• _Your objective_: The needed output is the run of lines below from the one containing "4 portafogli Kipling/Benetton/" through the one containing "This custom home", copied exactly and free of pictures.

[[ Data provided open ]]

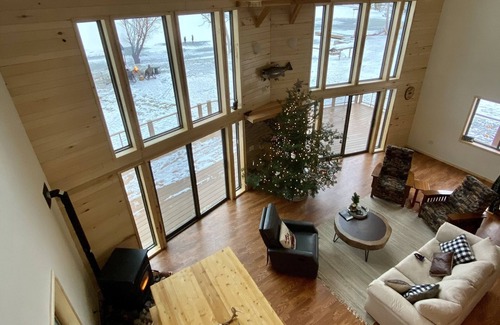 Big Bay House | Beautiful Lake Independence Home!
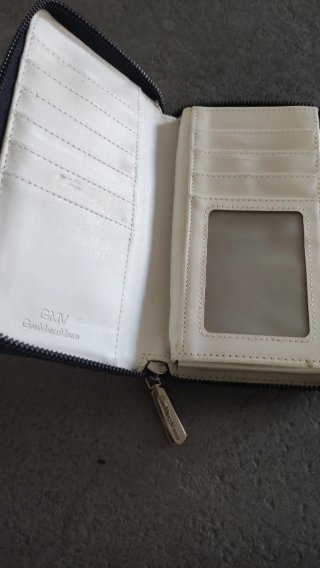 4 portafogli Kipling/Benetton/ G.M.V. Calvin Klein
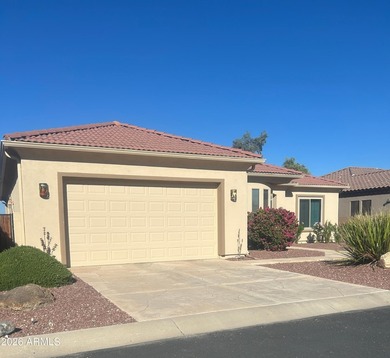 This custom home by Roark Construction is a 3 Bedroom, 2 Bath on Coyote Lakes Golf Club in Arizona - for sale on GolfHomes.com, golf home, golf lot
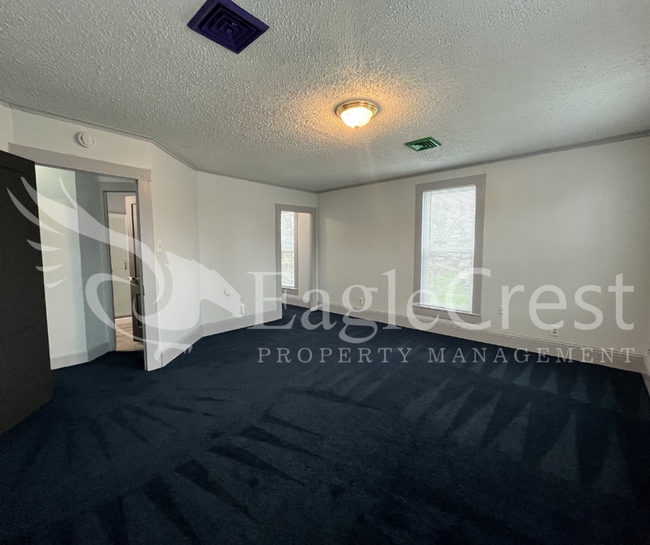 Building Photo - Comfortable 5 Bedroom Home with Modern Touches, Large Bedrooms & Front Porch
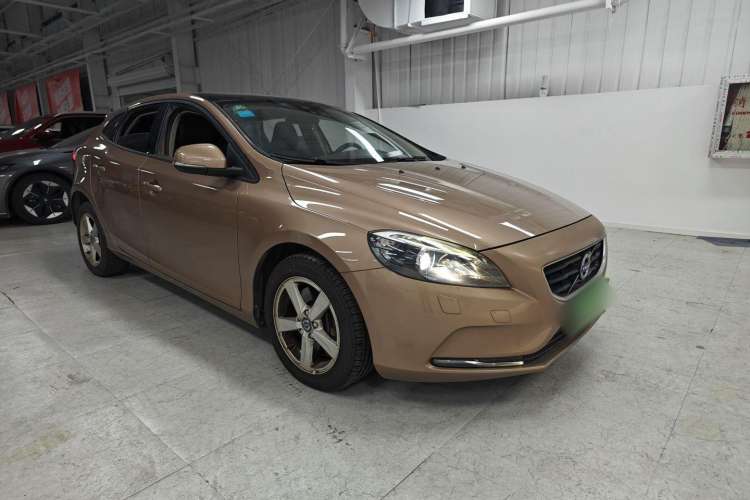 Used Volvo V40 2016 T3 Zhiyi Edition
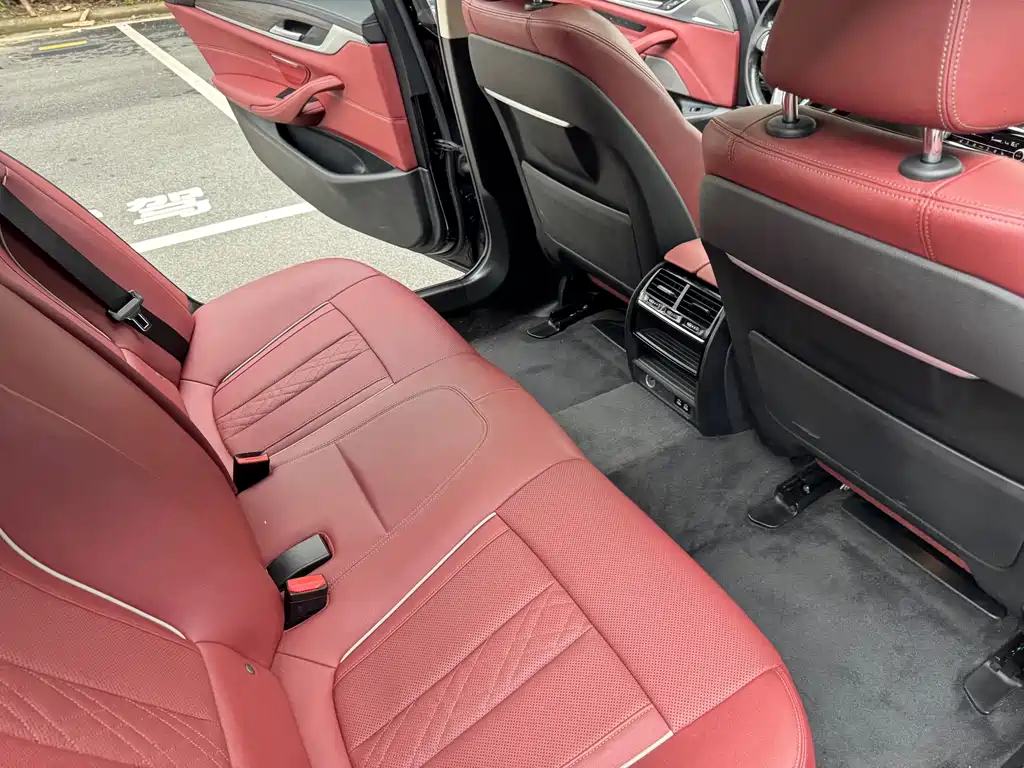 BMW 5 Series — миниатюра 16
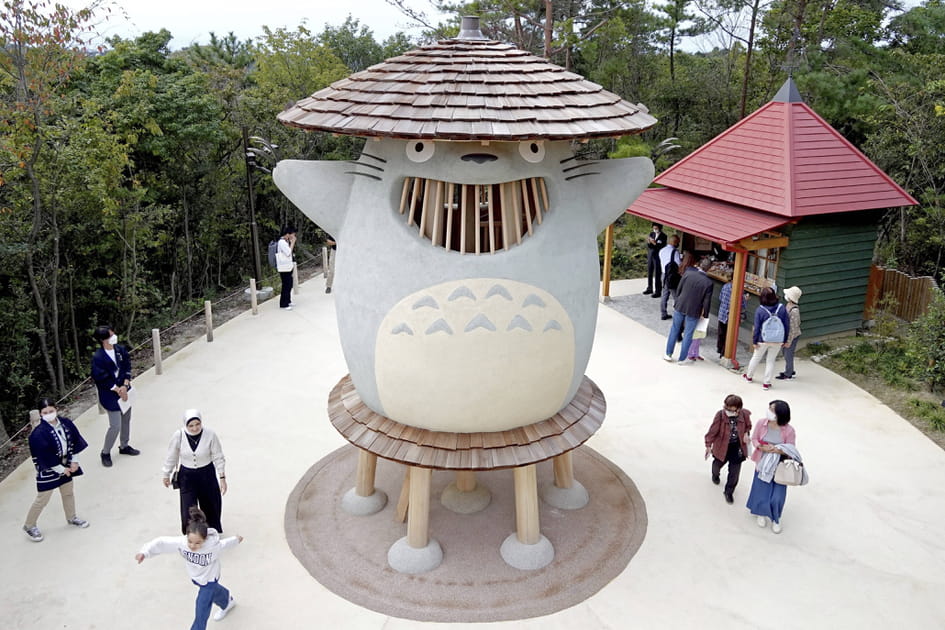 Le Dondoko-d&ocirc;, une aire de jeux en bois &agrave; l'effigie de Totoro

[[ Data provided closed ]]

• _Answer to this task_:
 4 portafogli Kipling/Benetton/ G.M.V. Calvin Klein
 This custom home by Roark Construction is a 3 Bedroom, 2 Bath on Coyote Lakes Golf Club in Arizona - for sale on GolfHomes.com, golf home, golf lot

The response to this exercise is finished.